The North Korean ‘Godzilla’ rip-off directed by a Kim Jong-il kidnappeeThe North Korean ‘Godzilla’ rip-off directed by a Kim Jong-il kidnappee
Former North Korean leader Kim Jong-il once had a kidnapped South Korean filmmaker direct several movies in North Korea, including a “Godzilla” ripoff that also served as propaganda.
Kim Jong-il, the father of the country’s current leader Kim Jong-un, commissioned director and producer Shin Sang-ok to make a kaiju movie based on Ishiro Honda’s 1954 film “Godzilla.”
What is the movie about?
The North Korean movie, titled “Pulgasari,” is considered a blatant rip-off of the beloved Japanese kaiju franchise and also served as propaganda that addresses North Korea’s view on socialism.
Pulgasari” takes place in a village terrorized by an atrocious king who maltreats his subjects. The film, set in a unified Korea of the past, follows the story of a blacksmith’s daughter who creates a small monster figurine in the hopes that the trinket would one day save her village from the king.
Her dream of freedom becomes real after her blood drips on the statue and gives life to Pulgasari, a towering monster with whom she develops a special connection. During an eventual battle with the king, Pulgasari surrenders himself to prevent the blacksmith’s daughter from getting hurt. Following his death, the girl goes to the place where he was killed and resurrects him by using more of her blood.
However, the resurrected Pulgasari becomes dangerous and uncontrollable. To stop the monster, the blacksmith’s daughter sacrifices herself, ending her life for the sake of her village and its people.

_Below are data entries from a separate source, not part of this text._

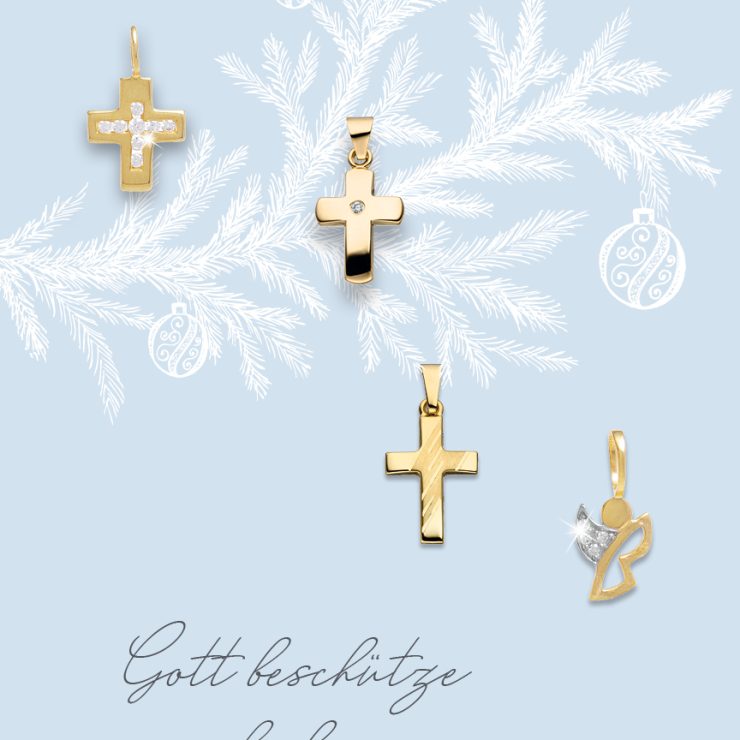 Vier goldene Anhänger in Kreuz- und Engelsform vor hellblauem Hintergrund mit weißen Weihnachtsornamenten und dem Schriftzug 'Gott beschütze dich'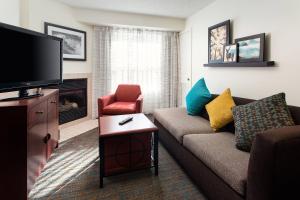 Cottonwood Heights盐湖城杨木住宅旅馆的带沙发和电视的客厅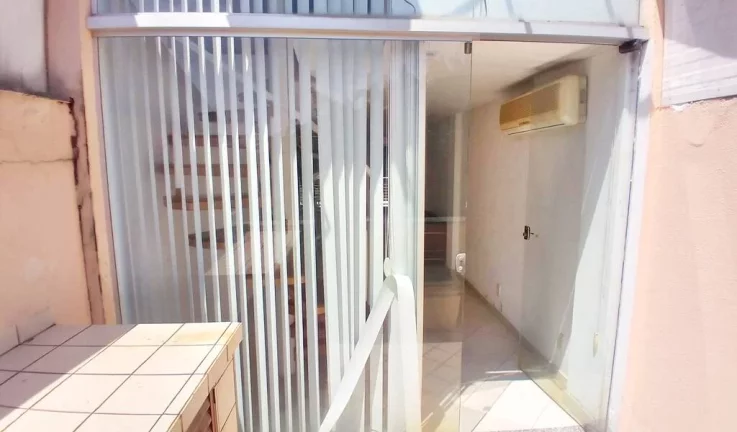 Imagem BAYSIDE - LOJA 50M2 JIRAU VARANDA 2SPLITS PORCELANATO ARMS. PLANEJADOS 1VG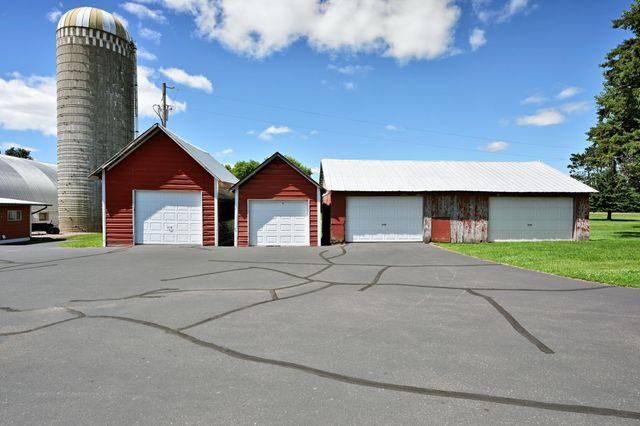 2451 25th Avenue, Rice Lake, WI 54868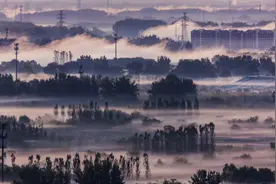 绝美！北京朝霞遇到平流雾 中式意境美学具象化了图片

Kim Jong-il expressed delight at the success of the movie after it was released in 1985. To show his appreciation, he reportedly gave Shin crates upon crates of gifts a year after “Pulgasari” was released. The crates contained 200 smoked geese, 50 freshly killed deer and 200 boxes of oranges, among others.
Kim Jong-il did not know, however, that Shin allegedly managed to hide a message in the 1985 film to criticize the regime at the time. Pulgasari, who becomes a danger to the citizens he should be serving and protecting, purportedly resembles the Kim family.

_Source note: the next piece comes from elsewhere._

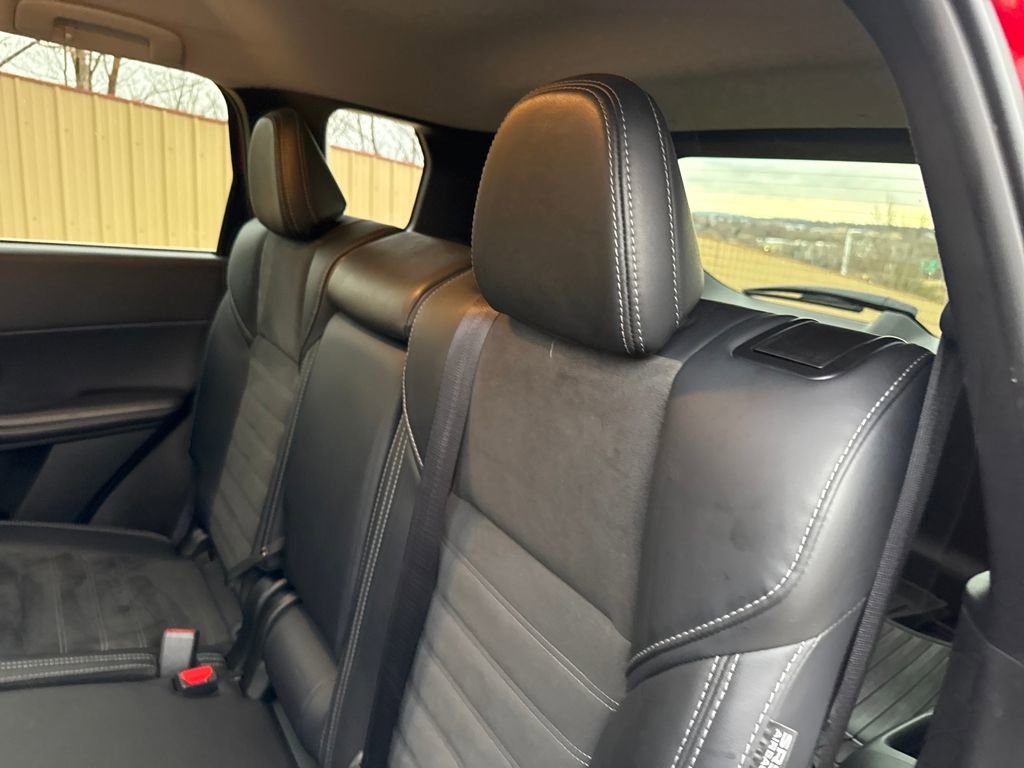 Used 2024 Mitsubishi Outlander SE image 19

Who was Shin and why was he important?
Shin, a renowned director in South Korea, was kidnapped by North Korean agents under the order of Kim Jong-il about six months after his ex-wife, actor Choi Eun-hee, was also kidnapped in 1978.

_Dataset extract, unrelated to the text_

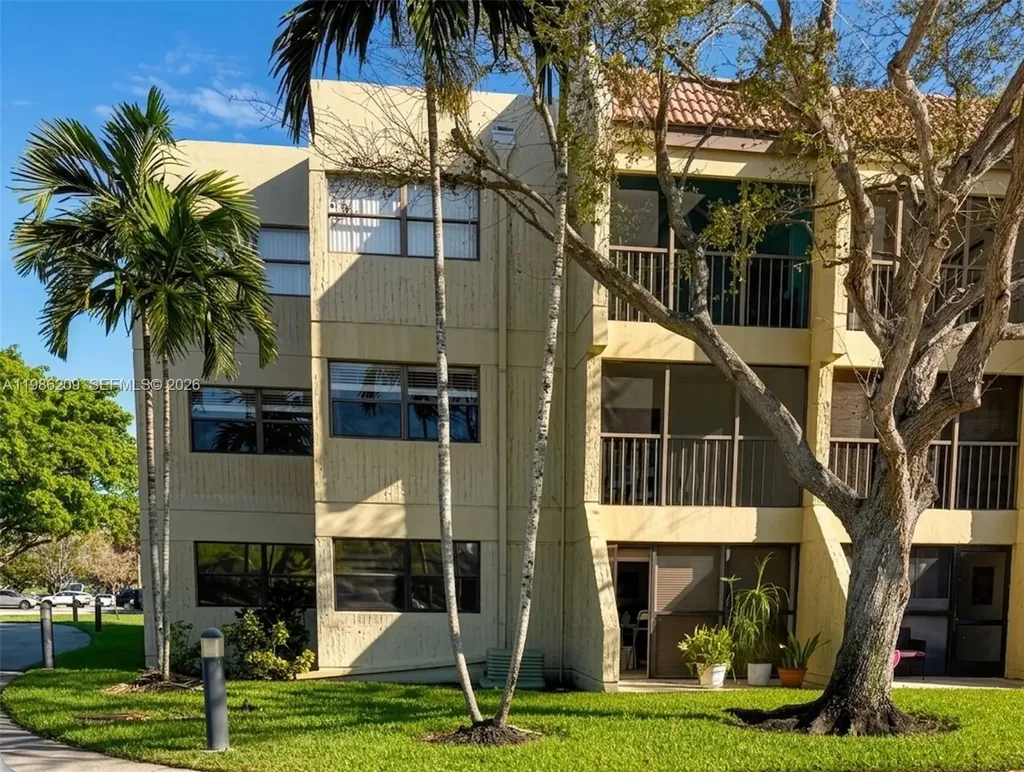 220 Lakeview Drive Weston FL 33326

The two celebrities, considered the “Brangelina of ‘70s South Korea,” were imprisoned for three years before being reunited. They were ordered to create movies that would help North Korea become recognized for its film industry.
Shin and his wife Choi, who died in 2018 at 92 years old, managed to escape the hermit country while visiting Vienna for an international film festival. After their successful escape, the celebrity couple shared a few smuggled audio recordings of the late North Korean dictator. In some of the private recordings, he can be heard criticizing his citizens and his country’s film industry.
Years after his escape, Shin reportedly denied interpretations of “Pulgasari,” saying, “It was a pure monster film. I didn’t put any ideology in it.”